**What to work on**
Using the listing below, set down each line from the line containing "Nhận định Áo vs Pháp Nhận định Áo vs Pháp" through the line containing "Dragonsfire : Burning for Metal Dragonsfire", both ends included, exactly and with nothing added.
+ + + + +
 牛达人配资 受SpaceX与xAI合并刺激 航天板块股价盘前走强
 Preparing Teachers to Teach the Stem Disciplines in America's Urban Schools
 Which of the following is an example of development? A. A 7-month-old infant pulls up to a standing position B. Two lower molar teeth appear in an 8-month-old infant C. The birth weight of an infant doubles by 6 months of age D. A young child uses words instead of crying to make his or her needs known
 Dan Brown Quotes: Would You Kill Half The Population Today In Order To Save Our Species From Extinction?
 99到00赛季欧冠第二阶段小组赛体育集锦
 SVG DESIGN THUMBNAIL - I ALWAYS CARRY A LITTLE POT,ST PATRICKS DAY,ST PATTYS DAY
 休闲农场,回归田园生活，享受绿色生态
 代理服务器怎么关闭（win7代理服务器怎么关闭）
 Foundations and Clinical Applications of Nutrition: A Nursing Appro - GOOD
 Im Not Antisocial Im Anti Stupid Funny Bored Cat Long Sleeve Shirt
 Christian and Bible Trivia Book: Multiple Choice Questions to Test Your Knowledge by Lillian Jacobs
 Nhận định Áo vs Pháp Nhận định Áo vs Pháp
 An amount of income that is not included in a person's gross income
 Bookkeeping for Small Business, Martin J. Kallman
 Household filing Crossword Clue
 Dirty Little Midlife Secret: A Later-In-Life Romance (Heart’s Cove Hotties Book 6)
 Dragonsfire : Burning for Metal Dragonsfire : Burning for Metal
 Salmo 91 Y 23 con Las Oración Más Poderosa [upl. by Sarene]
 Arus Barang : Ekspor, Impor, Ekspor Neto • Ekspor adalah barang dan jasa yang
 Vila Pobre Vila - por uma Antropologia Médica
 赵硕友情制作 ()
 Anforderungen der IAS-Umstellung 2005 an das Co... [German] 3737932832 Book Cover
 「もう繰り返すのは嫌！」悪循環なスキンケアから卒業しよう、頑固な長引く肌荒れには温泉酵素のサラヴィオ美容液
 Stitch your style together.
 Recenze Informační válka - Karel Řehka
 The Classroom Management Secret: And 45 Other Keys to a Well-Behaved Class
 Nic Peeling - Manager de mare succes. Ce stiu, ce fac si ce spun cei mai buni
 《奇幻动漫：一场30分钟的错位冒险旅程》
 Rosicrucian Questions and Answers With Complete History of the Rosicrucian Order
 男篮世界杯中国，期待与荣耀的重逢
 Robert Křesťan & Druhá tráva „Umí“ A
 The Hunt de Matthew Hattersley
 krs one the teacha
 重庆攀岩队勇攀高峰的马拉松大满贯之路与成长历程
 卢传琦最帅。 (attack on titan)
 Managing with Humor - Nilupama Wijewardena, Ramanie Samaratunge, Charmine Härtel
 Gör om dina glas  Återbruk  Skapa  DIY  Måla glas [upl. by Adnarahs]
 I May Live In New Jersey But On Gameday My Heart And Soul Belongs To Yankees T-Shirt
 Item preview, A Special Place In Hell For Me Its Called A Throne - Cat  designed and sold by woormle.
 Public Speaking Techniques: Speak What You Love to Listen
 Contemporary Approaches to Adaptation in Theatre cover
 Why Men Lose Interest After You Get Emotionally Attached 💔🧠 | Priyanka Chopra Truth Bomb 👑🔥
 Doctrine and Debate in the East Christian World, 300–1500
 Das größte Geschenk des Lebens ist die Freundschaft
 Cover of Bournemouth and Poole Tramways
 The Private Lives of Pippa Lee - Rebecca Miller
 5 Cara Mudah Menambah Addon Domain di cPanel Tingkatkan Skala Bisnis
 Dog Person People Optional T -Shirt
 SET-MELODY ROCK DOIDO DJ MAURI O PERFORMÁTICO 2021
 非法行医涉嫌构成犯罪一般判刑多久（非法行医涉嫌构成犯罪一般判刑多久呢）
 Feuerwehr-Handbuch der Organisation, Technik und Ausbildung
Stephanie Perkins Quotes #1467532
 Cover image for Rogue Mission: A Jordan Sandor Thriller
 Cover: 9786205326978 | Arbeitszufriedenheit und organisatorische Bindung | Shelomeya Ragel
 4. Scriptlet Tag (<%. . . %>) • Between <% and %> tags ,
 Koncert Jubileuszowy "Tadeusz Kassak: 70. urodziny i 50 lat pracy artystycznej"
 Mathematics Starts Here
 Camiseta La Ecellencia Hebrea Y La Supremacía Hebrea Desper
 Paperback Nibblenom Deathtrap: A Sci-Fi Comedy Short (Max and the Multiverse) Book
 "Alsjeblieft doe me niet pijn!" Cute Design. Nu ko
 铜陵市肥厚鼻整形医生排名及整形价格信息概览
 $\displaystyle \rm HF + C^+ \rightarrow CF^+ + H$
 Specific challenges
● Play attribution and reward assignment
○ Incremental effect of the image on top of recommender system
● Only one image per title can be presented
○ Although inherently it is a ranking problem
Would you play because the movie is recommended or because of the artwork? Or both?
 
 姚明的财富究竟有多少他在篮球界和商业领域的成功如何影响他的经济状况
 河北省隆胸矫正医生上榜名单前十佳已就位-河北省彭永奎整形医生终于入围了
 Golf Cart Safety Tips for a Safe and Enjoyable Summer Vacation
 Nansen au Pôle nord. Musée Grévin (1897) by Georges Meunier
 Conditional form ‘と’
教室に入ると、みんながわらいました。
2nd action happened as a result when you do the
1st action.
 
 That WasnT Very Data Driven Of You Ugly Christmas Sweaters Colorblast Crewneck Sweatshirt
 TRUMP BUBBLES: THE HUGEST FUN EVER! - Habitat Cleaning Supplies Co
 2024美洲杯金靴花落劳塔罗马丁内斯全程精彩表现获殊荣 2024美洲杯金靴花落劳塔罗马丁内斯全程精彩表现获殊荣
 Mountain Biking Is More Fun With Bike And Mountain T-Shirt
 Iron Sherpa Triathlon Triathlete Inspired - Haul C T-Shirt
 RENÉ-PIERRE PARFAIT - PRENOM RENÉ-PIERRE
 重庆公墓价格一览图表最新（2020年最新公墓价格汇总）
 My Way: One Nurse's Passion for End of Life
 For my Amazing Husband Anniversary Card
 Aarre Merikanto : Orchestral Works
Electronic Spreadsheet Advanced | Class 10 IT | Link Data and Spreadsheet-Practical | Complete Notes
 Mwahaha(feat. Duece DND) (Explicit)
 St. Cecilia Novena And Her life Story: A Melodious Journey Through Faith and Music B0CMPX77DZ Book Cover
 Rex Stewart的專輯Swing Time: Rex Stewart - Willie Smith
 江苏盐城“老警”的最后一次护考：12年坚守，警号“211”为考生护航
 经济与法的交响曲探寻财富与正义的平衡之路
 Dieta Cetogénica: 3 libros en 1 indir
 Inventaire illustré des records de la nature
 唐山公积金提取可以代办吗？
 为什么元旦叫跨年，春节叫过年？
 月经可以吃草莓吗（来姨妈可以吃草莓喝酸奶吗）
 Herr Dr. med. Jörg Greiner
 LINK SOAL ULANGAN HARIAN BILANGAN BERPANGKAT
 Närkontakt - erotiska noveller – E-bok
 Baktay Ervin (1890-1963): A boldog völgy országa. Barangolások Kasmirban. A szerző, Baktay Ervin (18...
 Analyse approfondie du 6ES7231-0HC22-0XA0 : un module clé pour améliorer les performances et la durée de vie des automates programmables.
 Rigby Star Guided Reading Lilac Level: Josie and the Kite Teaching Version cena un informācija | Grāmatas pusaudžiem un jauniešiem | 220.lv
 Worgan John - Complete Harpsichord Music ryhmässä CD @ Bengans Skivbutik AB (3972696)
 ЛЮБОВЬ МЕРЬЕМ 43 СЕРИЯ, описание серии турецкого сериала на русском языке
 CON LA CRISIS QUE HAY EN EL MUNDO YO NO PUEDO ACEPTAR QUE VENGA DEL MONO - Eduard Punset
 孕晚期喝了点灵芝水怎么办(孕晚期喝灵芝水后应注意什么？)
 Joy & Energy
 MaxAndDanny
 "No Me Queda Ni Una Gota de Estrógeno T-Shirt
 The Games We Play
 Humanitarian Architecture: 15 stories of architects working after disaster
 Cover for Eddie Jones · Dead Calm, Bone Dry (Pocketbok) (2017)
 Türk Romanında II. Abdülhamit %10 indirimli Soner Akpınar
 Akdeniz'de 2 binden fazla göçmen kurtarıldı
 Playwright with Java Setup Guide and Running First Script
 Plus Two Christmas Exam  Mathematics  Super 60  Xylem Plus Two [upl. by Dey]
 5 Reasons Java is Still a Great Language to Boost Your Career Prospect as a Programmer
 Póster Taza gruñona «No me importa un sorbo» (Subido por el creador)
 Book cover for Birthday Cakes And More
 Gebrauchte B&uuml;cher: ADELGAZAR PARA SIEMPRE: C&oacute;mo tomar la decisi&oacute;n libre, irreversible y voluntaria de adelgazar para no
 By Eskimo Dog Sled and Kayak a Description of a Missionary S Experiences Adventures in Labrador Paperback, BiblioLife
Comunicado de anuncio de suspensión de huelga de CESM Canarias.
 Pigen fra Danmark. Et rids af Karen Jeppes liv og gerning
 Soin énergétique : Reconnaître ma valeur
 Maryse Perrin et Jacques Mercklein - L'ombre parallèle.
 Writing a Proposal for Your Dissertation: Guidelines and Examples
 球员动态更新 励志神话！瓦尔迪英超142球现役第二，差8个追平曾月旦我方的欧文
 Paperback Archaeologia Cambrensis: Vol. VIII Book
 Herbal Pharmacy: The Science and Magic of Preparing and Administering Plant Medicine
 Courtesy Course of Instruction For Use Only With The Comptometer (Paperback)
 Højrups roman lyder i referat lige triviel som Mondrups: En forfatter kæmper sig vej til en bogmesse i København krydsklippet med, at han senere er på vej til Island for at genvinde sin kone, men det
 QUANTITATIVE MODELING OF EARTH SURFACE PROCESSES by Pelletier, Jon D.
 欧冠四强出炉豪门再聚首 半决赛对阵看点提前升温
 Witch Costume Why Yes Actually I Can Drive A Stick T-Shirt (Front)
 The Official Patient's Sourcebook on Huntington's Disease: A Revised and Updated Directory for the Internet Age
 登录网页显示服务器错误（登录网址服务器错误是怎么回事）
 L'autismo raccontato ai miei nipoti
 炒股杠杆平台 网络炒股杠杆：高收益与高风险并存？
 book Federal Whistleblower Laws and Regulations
+ + + + +
**Answer for this exercise**
 Nhận định Áo vs Pháp Nhận định Áo vs Pháp
 An amount of income that is not included in a person's gross income
 Bookkeeping for Small Business, Martin J. Kallman
 Household filing Crossword Clue
 Dirty Little Midlife Secret: A Later-In-Life Romance (Heart’s Cove Hotties Book 6)
 Dragonsfire : Burning for Metal Dragonsfire : Burning for Metal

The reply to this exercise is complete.